Short web captions
▬▬▬▬▬▬▬▬▬▬

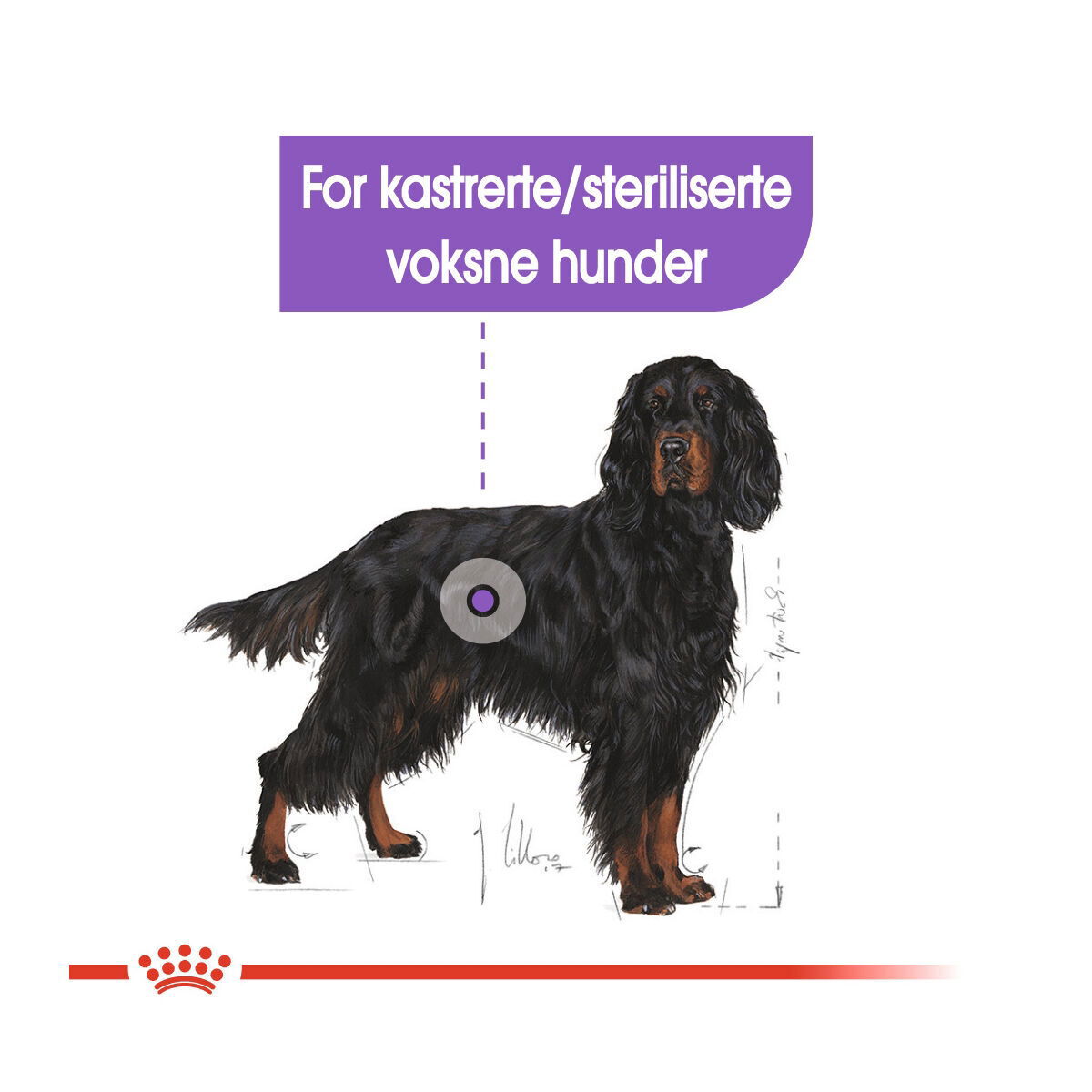 Royal Canin Sterilised Maxi Adult tørrfôr til hund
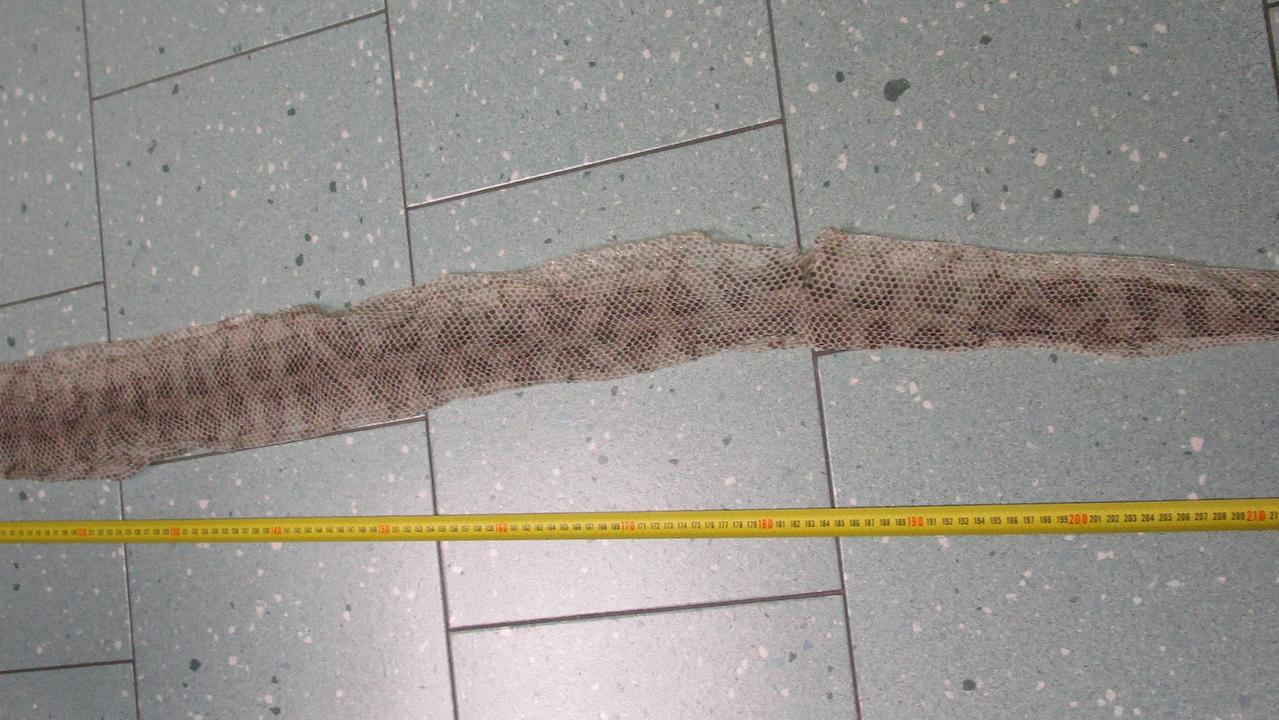 La pelle di serpente trovata in centro a Pietrasanta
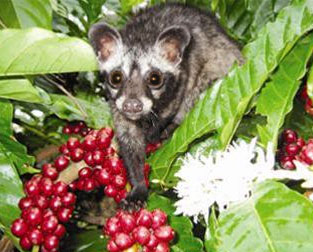 Luwak Coffee November 2012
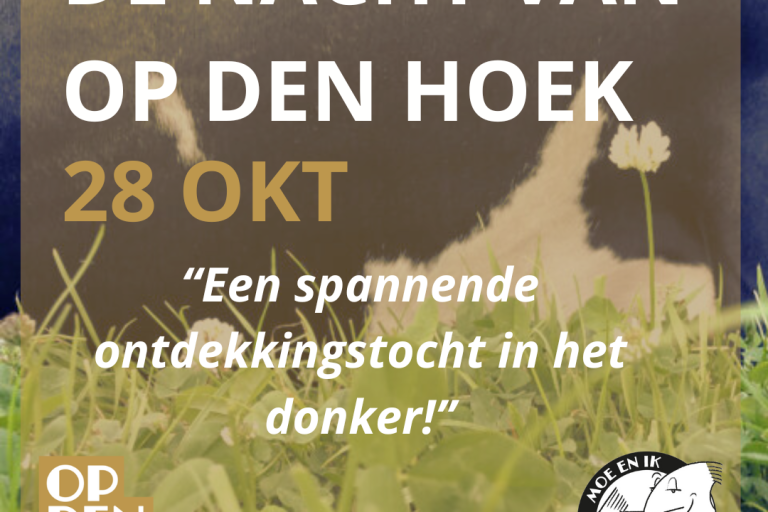 De nacht van op den hoek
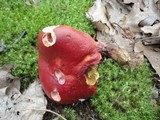 Boletus frostii image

▬▬▬▬▬▬▬▬▬▬

§ ASSIGNMENT: Your answer should hold every record above, printed exactly and free of pictures.

§ TASK ANSWER:
 Royal Canin Sterilised Maxi Adult tørrfôr til hund
 La pelle di serpente trovata in centro a Pietrasanta
 Luwak Coffee November 2012
 De nacht van op den hoek
 Boletus frostii image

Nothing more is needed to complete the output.